• What needs to be done:
Set down the data again word for word. Skip any pictures.

• Source material:
....

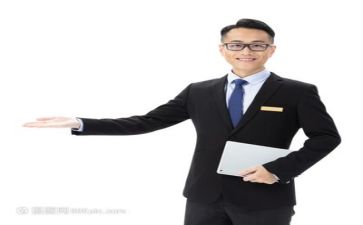 销售培训体会心得优秀6篇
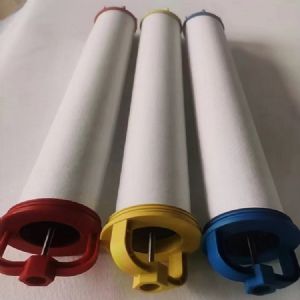 无锡益能款滤芯 6104401C级3μm 6104402 T级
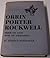 Orrin Porter Rockwell - Man...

....

• Response:
 销售培训体会心得优秀6篇
 无锡益能款滤芯 6104401C级3μm 6104402 T级
 Orrin Porter Rockwell - Man...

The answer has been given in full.